Ending child homelessness in America is an achievable yet challenging goal. In 2009, The National Center on Family Homelessness launched the Campaign to End Child Homelessness to raise awareness about the 1.5 million children in the U.S. who experience homelessness each year. According to America’s Youngest Outcasts, Mississippi ranked 41 out of 50 states for child homelessness, with more than 11,000 children experiencing homelessness each year. Tuwanna Williams, Mississippi State Coordinator, shares her insights from leading the state’s Campaign to End Child Homelessness.

Q: What are the goals of the Mississippi Campaign to End Child Homelessness?

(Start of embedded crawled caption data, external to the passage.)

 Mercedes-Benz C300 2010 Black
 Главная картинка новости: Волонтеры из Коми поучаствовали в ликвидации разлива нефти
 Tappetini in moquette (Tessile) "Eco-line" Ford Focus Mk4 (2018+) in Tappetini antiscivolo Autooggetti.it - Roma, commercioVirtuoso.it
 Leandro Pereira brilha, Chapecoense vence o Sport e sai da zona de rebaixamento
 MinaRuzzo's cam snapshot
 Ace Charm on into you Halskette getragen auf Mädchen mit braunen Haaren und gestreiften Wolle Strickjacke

The goals of the Mississippi Campaign are aligned with those of the national Campaign to End Child Homelessness. We work to prevent more than 11,000 children in Mississippi from experiencing homelessness each year. We are working to increase public awareness of the impact of homelessness on children and families. We are also improving programs and services to effectively meet the unique needs of children and families in Mississippi.

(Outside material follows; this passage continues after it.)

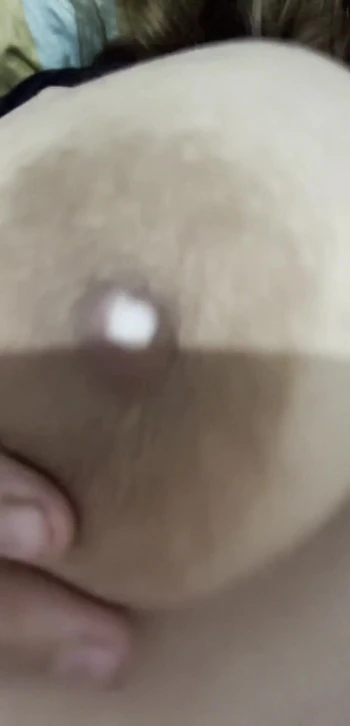 Обязательный для просмотра момент из "Он подпрыгнул мои большие сиськи, полные грудного молока"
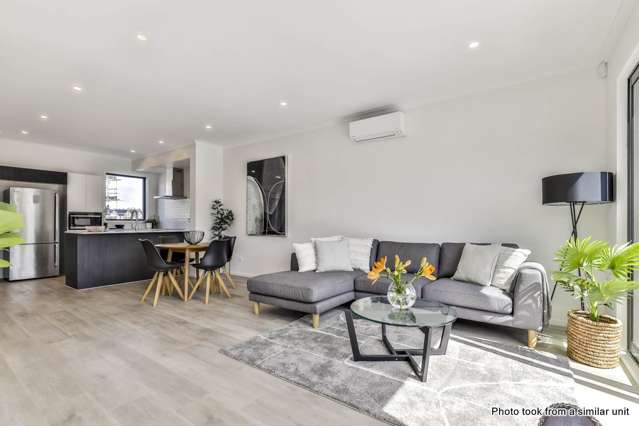 25E Henry Taylor Rise Milldale_3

Q: Can you describe the major accomplishments of the Mississippi Campaign to End Child Homelessness?

Since joining the Mississippi Campaign in March 2010, I’ve learned a lot about the challenges and solutions for families experiencing homelessness in Mississippi. We recently conducted a listening tour of five cities in different regions of the state. We met community leaders who work with families experiencing homelessness on a day-to-day basis. They gave us in-depth knowledge and insights about the experience of family homelessness in Mississippi. I’ve also spoken with parents experiencing homelessness in communities throughout the state to get their ideas about the Campaign based on their experiences.

Q: What have you learned from meeting with parents who are experiencing homelessness?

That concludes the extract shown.